(PROVIDED DATA)
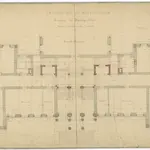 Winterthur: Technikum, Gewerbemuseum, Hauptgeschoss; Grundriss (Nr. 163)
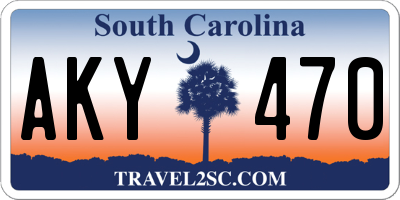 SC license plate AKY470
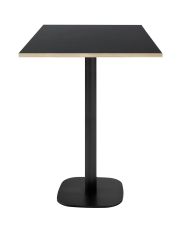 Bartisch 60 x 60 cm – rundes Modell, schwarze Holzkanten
(End PROVIDED DATA)
(PROVIDED DATA)
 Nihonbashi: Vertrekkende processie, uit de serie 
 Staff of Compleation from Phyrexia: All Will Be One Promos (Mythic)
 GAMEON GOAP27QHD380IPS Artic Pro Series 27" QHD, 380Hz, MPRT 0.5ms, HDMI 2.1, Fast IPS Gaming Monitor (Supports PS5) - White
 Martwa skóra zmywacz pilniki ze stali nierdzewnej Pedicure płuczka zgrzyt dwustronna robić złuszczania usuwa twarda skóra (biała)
(End PROVIDED DATA)
__EXERCISE DIRECTIONS__: Could you repeat exactly the lines in the listing above from the one with "GAMEON GOAP27QHD380IPS Artic" down to the one with "Martwa skóra zmywacz"? Include both of those lines.

__ANSWER FOR THIS EXERCISE__:
 GAMEON GOAP27QHD380IPS Artic Pro Series 27" QHD, 380Hz, MPRT 0.5ms, HDMI 2.1, Fast IPS Gaming Monitor (Supports PS5) - White
 Martwa skóra zmywacz pilniki ze stali nierdzewnej Pedicure płuczka zgrzyt dwustronna robić złuszczania usuwa twarda skóra (biała)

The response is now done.